What you should do → Your answer must be every line below, repeated exactly.

Data excerpt →
BEGIN

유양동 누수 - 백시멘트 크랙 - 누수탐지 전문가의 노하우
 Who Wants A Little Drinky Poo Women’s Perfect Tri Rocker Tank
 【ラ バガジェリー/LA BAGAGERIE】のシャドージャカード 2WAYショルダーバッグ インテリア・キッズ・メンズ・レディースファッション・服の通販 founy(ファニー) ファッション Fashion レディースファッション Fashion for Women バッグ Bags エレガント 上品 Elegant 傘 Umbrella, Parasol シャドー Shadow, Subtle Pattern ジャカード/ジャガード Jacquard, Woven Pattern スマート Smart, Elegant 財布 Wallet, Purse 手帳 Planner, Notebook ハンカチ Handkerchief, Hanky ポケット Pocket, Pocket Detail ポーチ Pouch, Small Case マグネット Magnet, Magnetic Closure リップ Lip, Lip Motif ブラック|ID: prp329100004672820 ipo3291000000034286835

END

Answer box →
유양동 누수 - 백시멘트 크랙 - 누수탐지 전문가의 노하우
 Who Wants A Little Drinky Poo Women’s Perfect Tri Rocker Tank
 【ラ バガジェリー/LA BAGAGERIE】のシャドージャカード 2WAYショルダーバッグ インテリア・キッズ・メンズ・レディースファッション・服の通販 founy(ファニー) ファッション Fashion レディースファッション Fashion for Women バッグ Bags エレガント 上品 Elegant 傘 Umbrella, Parasol シャドー Shadow, Subtle Pattern ジャカード/ジャガード Jacquard, Woven Pattern スマート Smart, Elegant 財布 Wallet, Purse 手帳 Planner, Notebook ハンカチ Handkerchief, Hanky ポケット Pocket, Pocket Detail ポーチ Pouch, Small Case マグネット Magnet, Magnetic Closure リップ Lip, Lip Motif ブラック|ID: prp329100004672820 ipo3291000000034286835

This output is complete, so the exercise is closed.